Research so far suggests a role of the rIFG in response stopping. However, there is far from unanimous agreement on whether this inhibitory process is critically orchestrated by the IFG and mainly dependent on the right hemisphere (Aron et al. 2014; Banich and Depue 2015), or else results from the combined action of a more widespread network of areas (Schall and Godlove 2012; Swick et al. 2011). Moreover, studies addressing the role of areas other than the rIFG in response stopping obtained mixed results. For example, Hsu et al. (2011) modulated inhibition as measured by noncanceled rates in a SST by delivering tDCS over the pre-supplementary motor area, but failed to observe a significant effect on SSRT. Finally, Berryhill et al. (2014) failed to find any effect of a stimulation protocol similar to the one used by Hsu et al. (2011) on response inhibition in a go/no-go task (Swick et al. 2011).

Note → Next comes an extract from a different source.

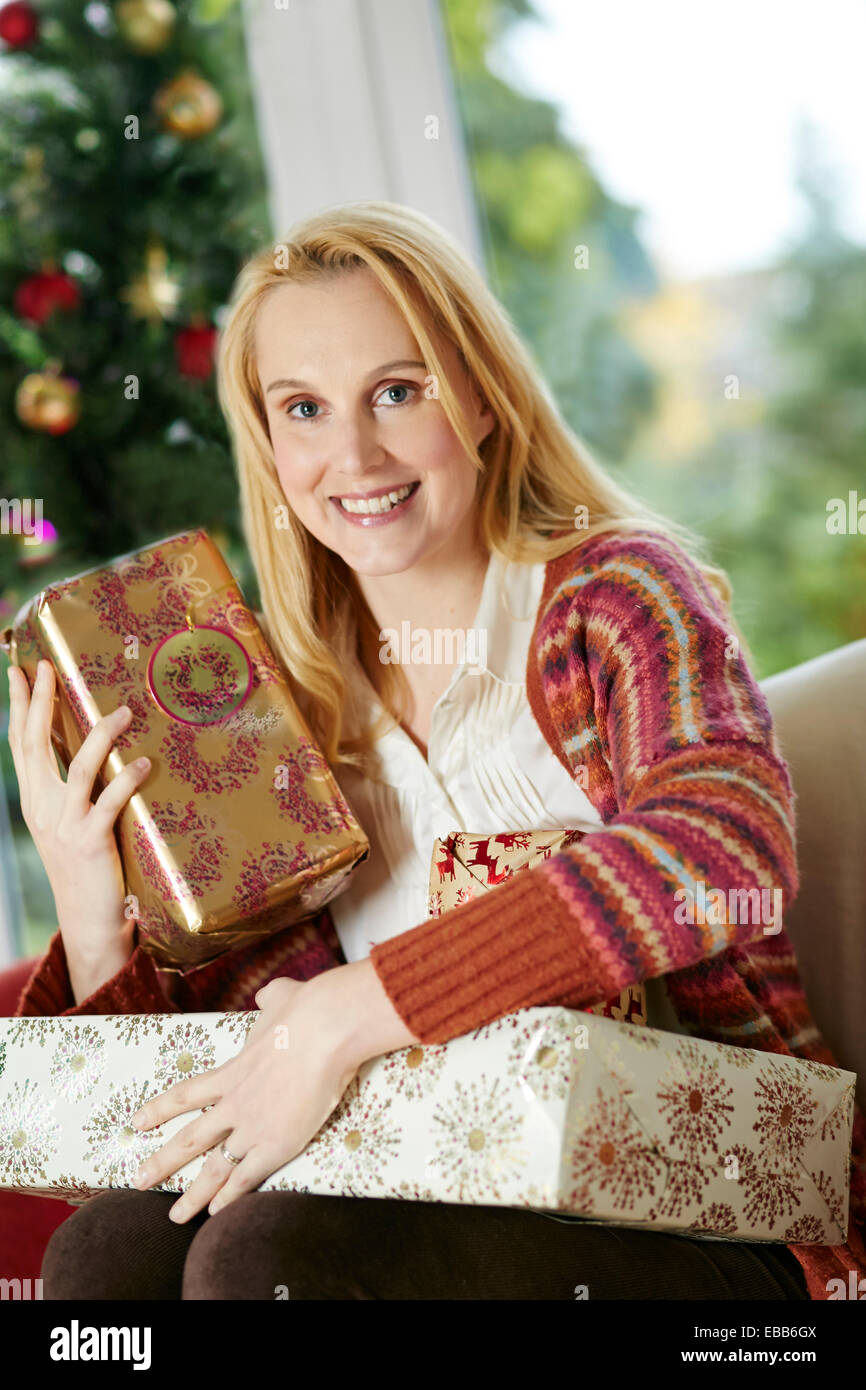 Glückliche Frau saß mit Weihnachten präsentiert Stockfoto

As a final remark, given the importance of the reference electrode in determining the current flow distribution, it is worth noting that, in tDCS studies, findings should generally be ascribed to the combined effect of the active and the reference electrodes than to the effect of stimulated target areas in isolation. Therefore, our results are more likely to reflect the joint effect of stimulation of the rDLPFC and left frontal pole on the one hand, and stimulation of the rIFG and left frontal pole on the other hand. Nevertheless, it is important to note that, although the same reference was used, stimulation of two close but distinct areas resulted in different behavioural effects related to the phenomenon under investigation which, in turn, highlights that these two areas contributed to the investigated process to a different extent.

In summary, the results obtained in the present study support the notion that tDCS-induced effects can be relatively long-lasting by exploring a different cognitive domain with respect to those already investigated in the literature (Falcone et al. 2012; Penolazzi et al. 2010, 2013). Interestingly, the present findings add to the growing amount of evidence that the rIFG is critically involved in response stopping. In our opinion, the current state of the literature suggests that the rIFG is the most reliable target for brain stimulation studies aimed to modulate response stopping in the SST, and perhaps favored target for clinical investigations interested in developing therapeutic protocols based on NIBS (especially tDCS) with regard to clinical populations that suffer from lack of inhibitory control.